At first blush, apples might seem pretty boring (that's the fruit that got mankind expelled from paradise?) but a perfectly crisp, sweet and tart apple, fresh from the tree, is a beautiful thing -- but each variety has its strengths and uses.
There are a ton of apples out there, and you shouldn't be afraid to get out there and explore each and every one. If all you've had is Red Delicious (more like "Red Dumbface" am I right?), you are missing out, my friend. Next time you find yourself at the market, count the types of apples. If you're at a grocery store, there will probably be four or five, but the farmer's market? You will find tens of apples, literally tens. (As in like, 10-20.) The traits that make one type of apple great for eating out of hand (delicate, fresh flavour and lots of juice) can make it less than ideal in a pie (aka "mush city").

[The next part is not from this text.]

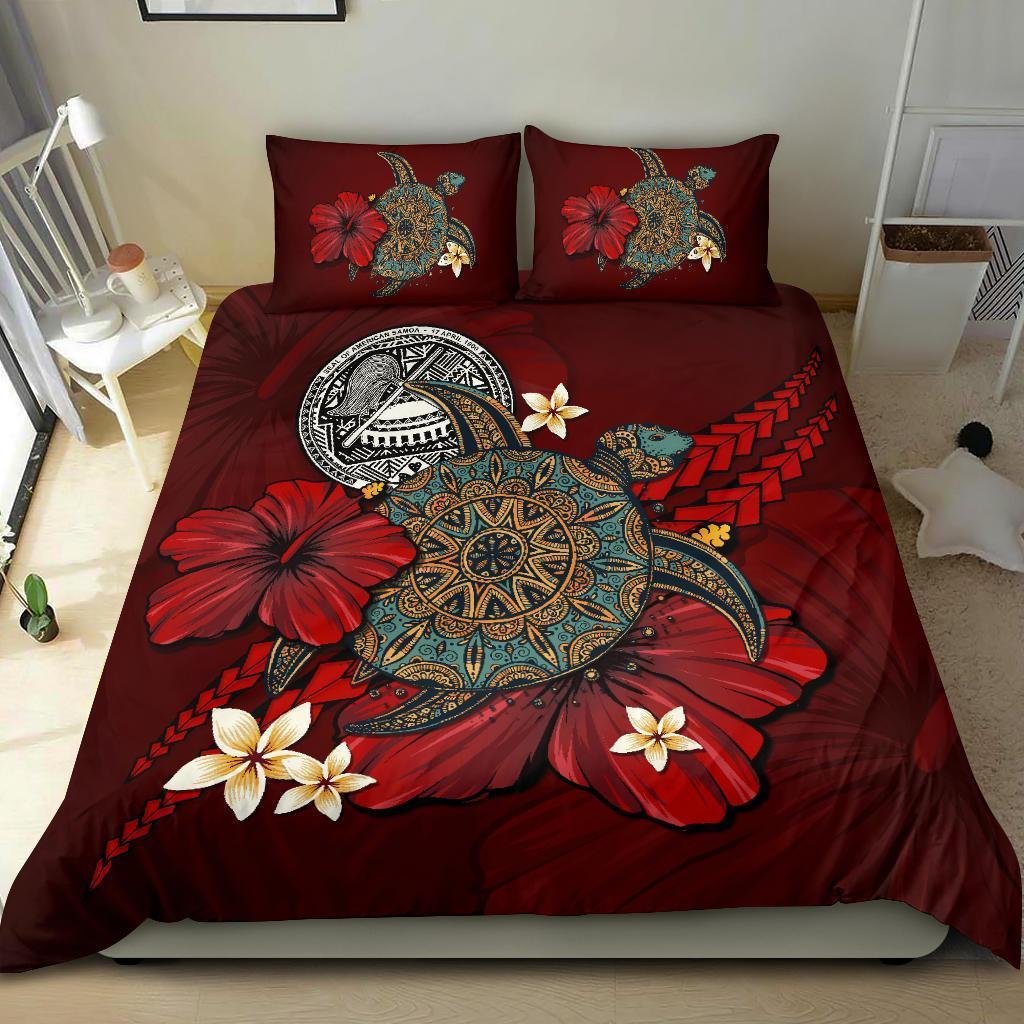 American Samoa Bedding Set - Red Turtle Tribal - Vibe Hoodie Shop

But, as is the case with many culinary questions, there is sometimes more than one "right" answer, and personal preference can trump empirical data. (For instance, my mother roasts her Brussels sprouts until they are mush. Is this wrong? Yes, it is a crime against Brussels sprouts, but yelling Alton Brown quotes at her isn't going to change her preference.) So, instead of lecturing you on what apples you "should" be eating, baking, and drinking, I'm going to arm you with the knowledge that let's you make better apple choices, because "the more you know" applies even to apples.

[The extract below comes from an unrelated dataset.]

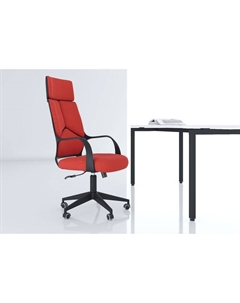 Кресло офисное 525, с подлокотниками, на колёсиках, ткань, цвет красный Chairman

So Fresh, So Crisp: Galas, Honeycrisps, and Fujis for Snacking
Apples are, quite possibly, the easiest snack in the world. You don't have to peel them; simply rinse and get to chomping. Not all varieties are well-suited for fresh eating, though. The perfect apple should be a balance of fresh sweetness and bright acidity, with crisp, juicy flesh and that distinct "appley" aroma brought to us by esters. Basically, the opposite of the mealy, one-note, stupid stupid Red Delicious.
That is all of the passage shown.